BEGIN DATA TO USE
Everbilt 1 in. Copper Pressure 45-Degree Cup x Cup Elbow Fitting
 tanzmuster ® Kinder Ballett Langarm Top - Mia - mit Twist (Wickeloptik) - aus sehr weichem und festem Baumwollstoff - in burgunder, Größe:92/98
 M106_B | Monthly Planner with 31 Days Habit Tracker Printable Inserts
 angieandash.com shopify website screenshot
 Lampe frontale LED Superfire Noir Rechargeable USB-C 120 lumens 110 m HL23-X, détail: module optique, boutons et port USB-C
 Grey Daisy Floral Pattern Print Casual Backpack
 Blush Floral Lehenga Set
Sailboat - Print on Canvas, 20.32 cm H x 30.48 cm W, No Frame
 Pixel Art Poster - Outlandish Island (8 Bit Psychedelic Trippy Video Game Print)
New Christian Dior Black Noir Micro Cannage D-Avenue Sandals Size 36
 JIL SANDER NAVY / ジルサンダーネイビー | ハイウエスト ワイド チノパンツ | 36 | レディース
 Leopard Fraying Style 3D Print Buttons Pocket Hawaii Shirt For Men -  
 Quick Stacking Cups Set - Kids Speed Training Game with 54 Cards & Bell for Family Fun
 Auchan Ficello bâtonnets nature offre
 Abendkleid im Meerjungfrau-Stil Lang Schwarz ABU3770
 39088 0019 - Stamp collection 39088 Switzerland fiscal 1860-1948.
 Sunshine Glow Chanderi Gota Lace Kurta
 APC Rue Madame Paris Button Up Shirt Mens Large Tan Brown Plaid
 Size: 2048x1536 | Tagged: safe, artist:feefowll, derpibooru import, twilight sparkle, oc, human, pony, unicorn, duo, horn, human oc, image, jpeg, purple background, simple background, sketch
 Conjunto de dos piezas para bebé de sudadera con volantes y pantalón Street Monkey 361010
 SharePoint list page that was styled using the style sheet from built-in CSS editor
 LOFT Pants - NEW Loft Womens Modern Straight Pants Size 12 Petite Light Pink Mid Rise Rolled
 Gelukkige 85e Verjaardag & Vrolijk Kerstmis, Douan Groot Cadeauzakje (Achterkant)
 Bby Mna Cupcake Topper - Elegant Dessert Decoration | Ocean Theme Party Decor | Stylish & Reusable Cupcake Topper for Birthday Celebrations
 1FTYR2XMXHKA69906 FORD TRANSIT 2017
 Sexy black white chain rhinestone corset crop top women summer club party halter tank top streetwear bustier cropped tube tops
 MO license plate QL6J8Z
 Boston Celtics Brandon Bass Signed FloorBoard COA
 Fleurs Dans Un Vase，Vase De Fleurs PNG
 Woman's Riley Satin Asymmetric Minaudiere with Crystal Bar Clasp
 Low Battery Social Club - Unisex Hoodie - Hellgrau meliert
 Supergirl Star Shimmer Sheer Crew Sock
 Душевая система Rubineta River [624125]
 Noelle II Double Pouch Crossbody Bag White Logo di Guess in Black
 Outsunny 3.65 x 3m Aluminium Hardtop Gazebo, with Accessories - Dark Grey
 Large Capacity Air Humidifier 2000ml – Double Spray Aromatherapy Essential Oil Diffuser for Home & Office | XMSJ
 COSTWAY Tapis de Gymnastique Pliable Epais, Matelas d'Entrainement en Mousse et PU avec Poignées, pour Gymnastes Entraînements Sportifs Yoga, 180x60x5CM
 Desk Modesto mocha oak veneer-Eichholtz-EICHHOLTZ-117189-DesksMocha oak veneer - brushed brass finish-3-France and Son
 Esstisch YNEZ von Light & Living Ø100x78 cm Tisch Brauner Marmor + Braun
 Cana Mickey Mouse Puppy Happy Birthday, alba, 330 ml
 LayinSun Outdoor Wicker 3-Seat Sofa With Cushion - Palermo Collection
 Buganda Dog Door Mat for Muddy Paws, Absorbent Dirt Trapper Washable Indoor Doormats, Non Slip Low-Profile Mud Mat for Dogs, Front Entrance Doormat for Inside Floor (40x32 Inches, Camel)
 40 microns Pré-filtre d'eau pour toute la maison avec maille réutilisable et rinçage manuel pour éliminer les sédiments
END DATA TO USE
PROMPT:
In full, transcribe each entry of the material exactly.

EXERCISE RESULT:
Everbilt 1 in. Copper Pressure 45-Degree Cup x Cup Elbow Fitting
 tanzmuster ® Kinder Ballett Langarm Top - Mia - mit Twist (Wickeloptik) - aus sehr weichem und festem Baumwollstoff - in burgunder, Größe:92/98
 M106_B | Monthly Planner with 31 Days Habit Tracker Printable Inserts
 angieandash.com shopify website screenshot
 Lampe frontale LED Superfire Noir Rechargeable USB-C 120 lumens 110 m HL23-X, détail: module optique, boutons et port USB-C
 Grey Daisy Floral Pattern Print Casual Backpack
 Blush Floral Lehenga Set
Sailboat - Print on Canvas, 20.32 cm H x 30.48 cm W, No Frame
 Pixel Art Poster - Outlandish Island (8 Bit Psychedelic Trippy Video Game Print)
New Christian Dior Black Noir Micro Cannage D-Avenue Sandals Size 36
 JIL SANDER NAVY / ジルサンダーネイビー | ハイウエスト ワイド チノパンツ | 36 | レディース
 Leopard Fraying Style 3D Print Buttons Pocket Hawaii Shirt For Men -  
 Quick Stacking Cups Set - Kids Speed Training Game with 54 Cards & Bell for Family Fun
 Auchan Ficello bâtonnets nature offre
 Abendkleid im Meerjungfrau-Stil Lang Schwarz ABU3770
 39088 0019 - Stamp collection 39088 Switzerland fiscal 1860-1948.
 Sunshine Glow Chanderi Gota Lace Kurta
 APC Rue Madame Paris Button Up Shirt Mens Large Tan Brown Plaid
 Size: 2048x1536 | Tagged: safe, artist:feefowll, derpibooru import, twilight sparkle, oc, human, pony, unicorn, duo, horn, human oc, image, jpeg, purple background, simple background, sketch
 Conjunto de dos piezas para bebé de sudadera con volantes y pantalón Street Monkey 361010
 SharePoint list page that was styled using the style sheet from built-in CSS editor
 LOFT Pants - NEW Loft Womens Modern Straight Pants Size 12 Petite Light Pink Mid Rise Rolled
 Gelukkige 85e Verjaardag & Vrolijk Kerstmis, Douan Groot Cadeauzakje (Achterkant)
 Bby Mna Cupcake Topper - Elegant Dessert Decoration | Ocean Theme Party Decor | Stylish & Reusable Cupcake Topper for Birthday Celebrations
 1FTYR2XMXHKA69906 FORD TRANSIT 2017
 Sexy black white chain rhinestone corset crop top women summer club party halter tank top streetwear bustier cropped tube tops
 MO license plate QL6J8Z
 Boston Celtics Brandon Bass Signed FloorBoard COA
 Fleurs Dans Un Vase，Vase De Fleurs PNG
 Woman's Riley Satin Asymmetric Minaudiere with Crystal Bar Clasp
 Low Battery Social Club - Unisex Hoodie - Hellgrau meliert
 Supergirl Star Shimmer Sheer Crew Sock
 Душевая система Rubineta River [624125]
 Noelle II Double Pouch Crossbody Bag White Logo di Guess in Black
 Outsunny 3.65 x 3m Aluminium Hardtop Gazebo, with Accessories - Dark Grey
 Large Capacity Air Humidifier 2000ml – Double Spray Aromatherapy Essential Oil Diffuser for Home & Office | XMSJ
 COSTWAY Tapis de Gymnastique Pliable Epais, Matelas d'Entrainement en Mousse et PU avec Poignées, pour Gymnastes Entraînements Sportifs Yoga, 180x60x5CM
 Desk Modesto mocha oak veneer-Eichholtz-EICHHOLTZ-117189-DesksMocha oak veneer - brushed brass finish-3-France and Son
 Esstisch YNEZ von Light & Living Ø100x78 cm Tisch Brauner Marmor + Braun
 Cana Mickey Mouse Puppy Happy Birthday, alba, 330 ml
 LayinSun Outdoor Wicker 3-Seat Sofa With Cushion - Palermo Collection
 Buganda Dog Door Mat for Muddy Paws, Absorbent Dirt Trapper Washable Indoor Doormats, Non Slip Low-Profile Mud Mat for Dogs, Front Entrance Doormat for Inside Floor (40x32 Inches, Camel)
 40 microns Pré-filtre d'eau pour toute la maison avec maille réutilisable et rinçage manuel pour éliminer les sédiments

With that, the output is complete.